Ele calou-se, já lamentando horrivelmente ter sido arrolado como testemunha ocular. Ficou calado, preferindo que todos se esquecessem de sua presença e ia-se dando muito bem com esta jogada até o momento em que a mulher que apanhara apontou para ele e disse para o comissário:

— Se esse cretino não se tivesse metido, não tinha acontecido nada disto.

— Eu??? — estranhou ele, apontando para o próprio peito.

— O senhor mesmo, seu intrometido.

— Mas foi ele quem a agrediu, minha senhora.

— Mentira — berrou o homem. — Eu apenas fui lá para impedir o embarque dela para a casa dos pais. Tivemos uma briguinha sem importância em casa e ela, coitadinha, que anda muito nervosa, quis voltar para casa dos pais. (Dito isto, abraçou a mulher que pouco antes chamara de ingrata e premiara com uma bolacha. Ela se aconchegou no abraço, a sem-vergonha.)

E ele ali, um misto de palhaço e testemunha ocular. Quis apelar para o guarda que o trouxera, mas este já retornara ao posto. Estava a procurá-lo com um olhar circulante pela sala, quando ouviu o comissário mandando o casal embora.

— Tratem de fazer as pazes e não perturbar em público.

O casal agradeceu e saiu abraçado, tendo a mulher, ao virar-se, lançado-lhe um olhar de profundo desprezo. E, quando os dois saíram, virou-se para o comissário e sorriu:

— Doutor, palavra de honra que eu...

Mas o comissário cortou-lhe a frase com um novo berro. Em seguida aconselhou-o a não se meter mais em encrencas por causa de briguinhas sem importância entre casais em lua-de-mel.

— Eu só vim aqui para ajudar — admitiu ele, com certa dignidade.

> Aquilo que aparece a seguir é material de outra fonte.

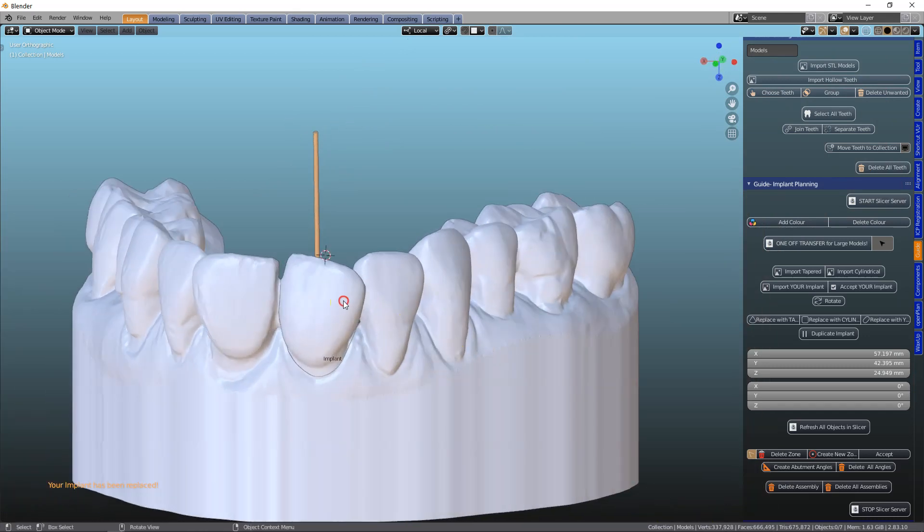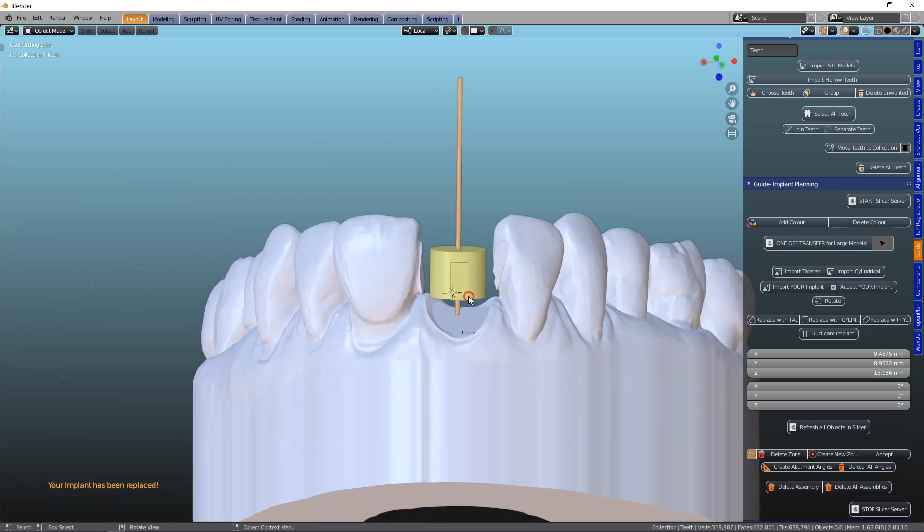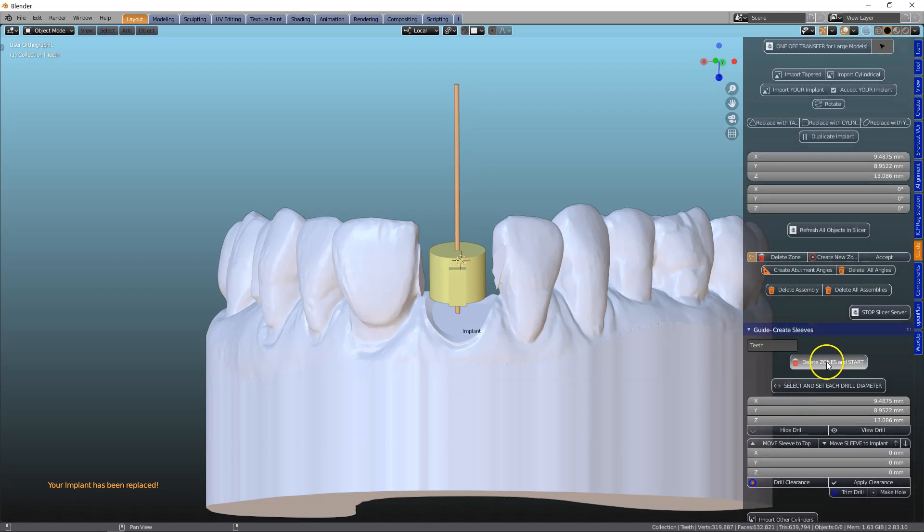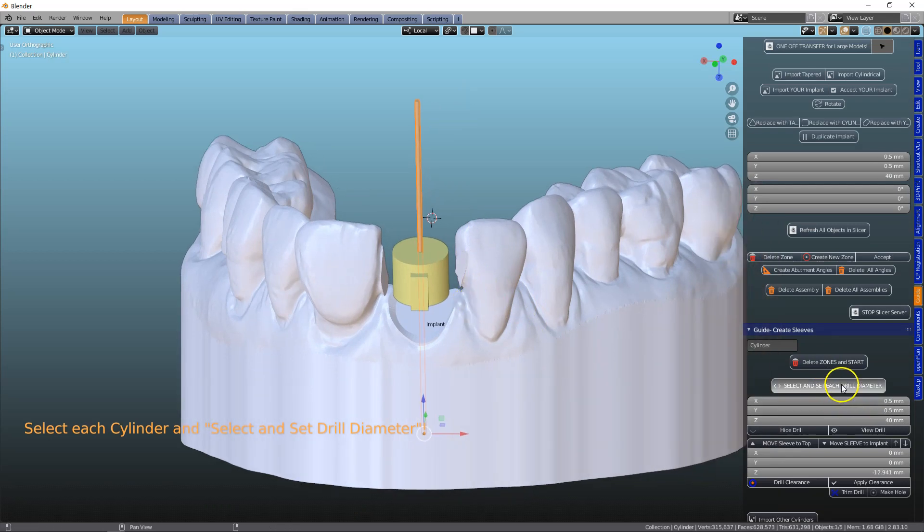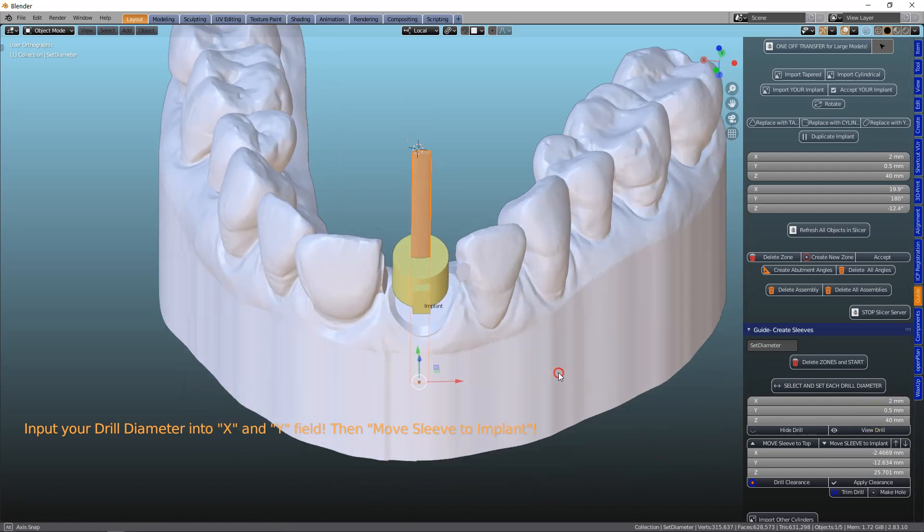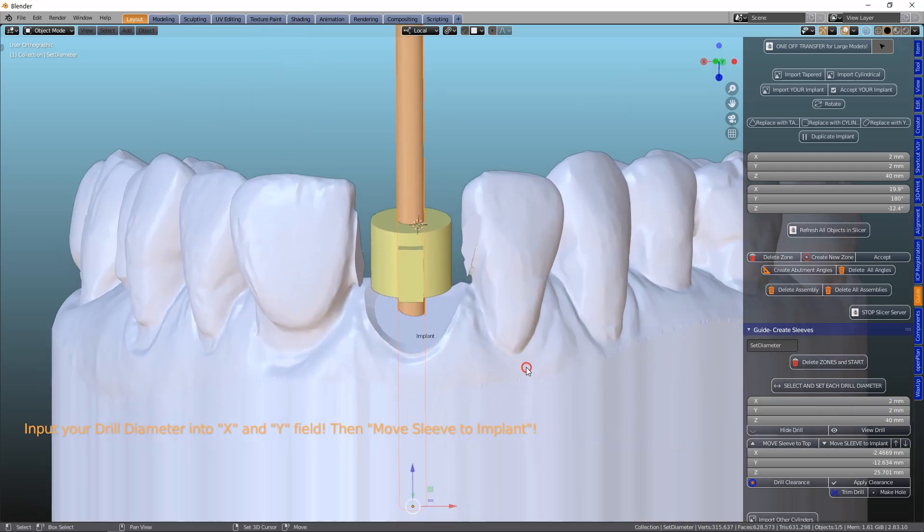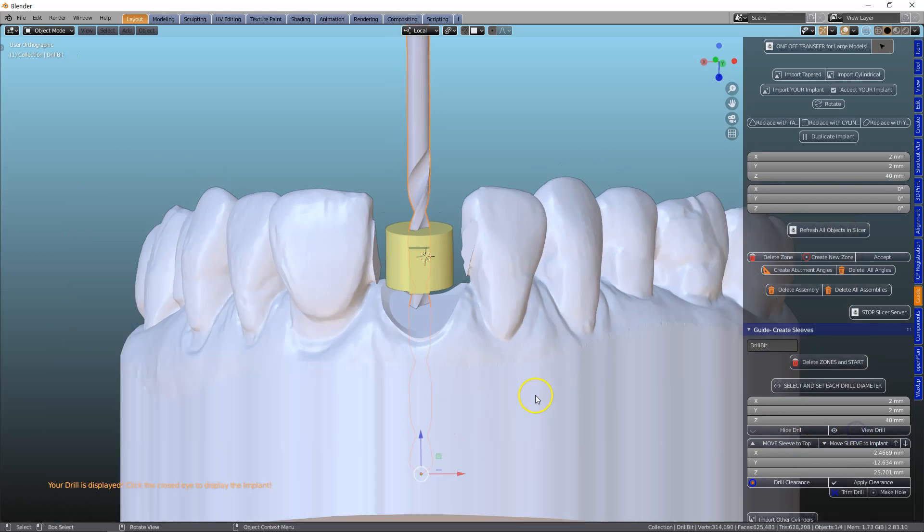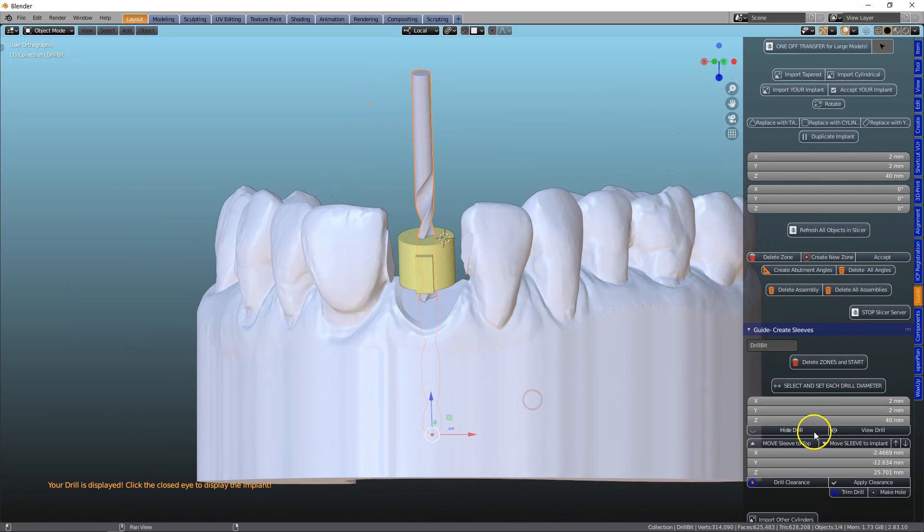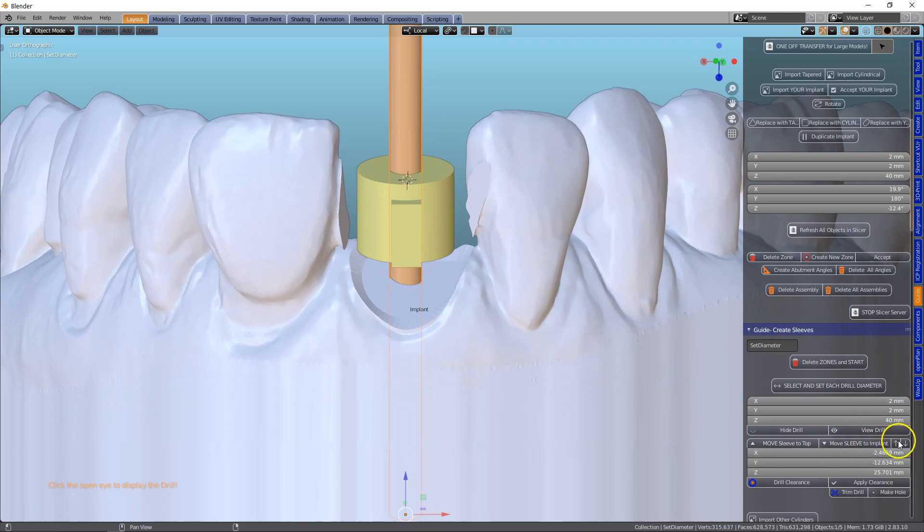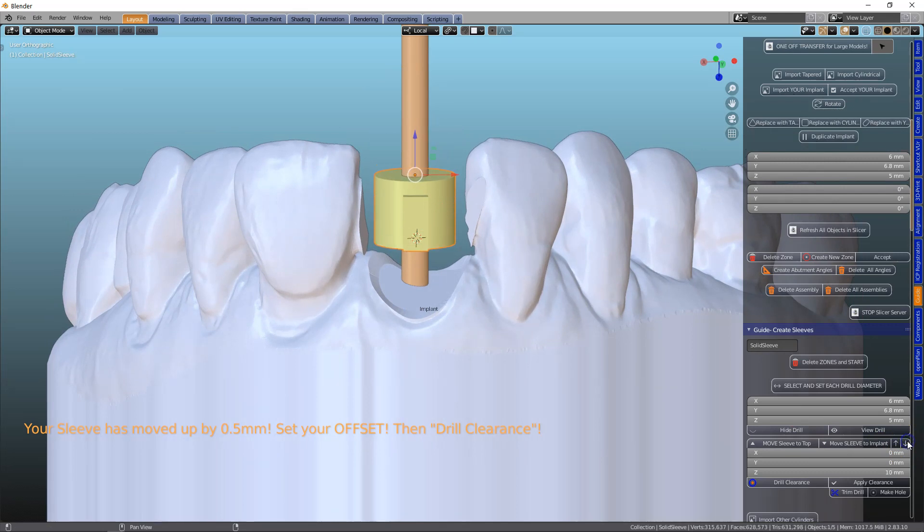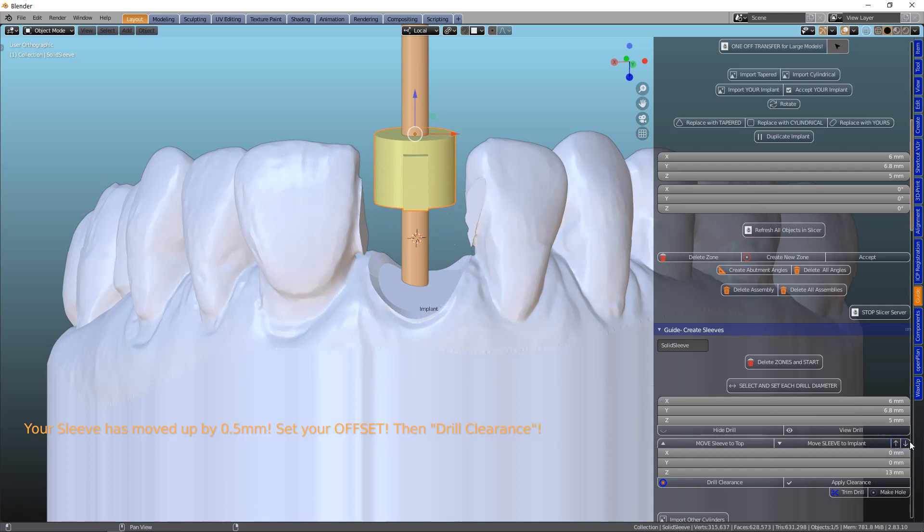Next of course we want to make a sleeve. So we're going to go into the guide module, delete the zones and then we're going to start. Let's set our drill diameter. So hypothetically we're going to set it, and then we're going to select our offset. We can view the drill if we want to. It goes through over there like this. Or we can set our offset up or down. So let's set this to 9mm. So this works in increments, as you can see, up by 0.5mm up or down.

— CALE-SE!!! — berrou o comissário: — E some daqui antes que eu o prenda...

Não precisou ouvir segunda ordem. Apanhou a valise e saiu com ódio de si mesmo. "Bem feito" — ia pensando — "que é que eu tinha que entrar nessa encrenca?". Entrou em casa chateado, ainda mais porque perdera o avião e a hora em que tinha de estar no Rio para assinar as escrituras com o corretor. Tratou de afrouxar o laço da gravata e pedir uma ligação interurbana, a fim de dar uma explicação ao patrão.

Somente no dia seguinte retornou ao aeroporto para fazer a viagem. Saiu de casa cedo e foi para a esquina apanhar um táxi.

Foi quando houve o assalto. Ia passando por um café quando três sujeitos saíram lá de dentro, atirando a esmo, para abrir caminho. Ele — coitado — ficou entre os três, com a mão na cabeça sem saber se corria ou se encolhia. Os assaltantes entraram num carro que já os aguardava de motor ligado e sumiram no fim da rua. Logo acorreram pessoas de todos os lados, na base do que foi, do que não foi. Um guarda tentava saber o que acontecera, quando um senhor gordo, que parecia ser o dono do bar assaltado, apontou para ele e disse:

— Seu guarda, esse homem viu tudo. Os assaltantes passaram por ele.

O guarda se encaminhou para ele e perguntou:

— O senhor viu quando eles deram os tiros?

E ele, com a cara mais cínica do mundo:

— Tiros? Que tiros???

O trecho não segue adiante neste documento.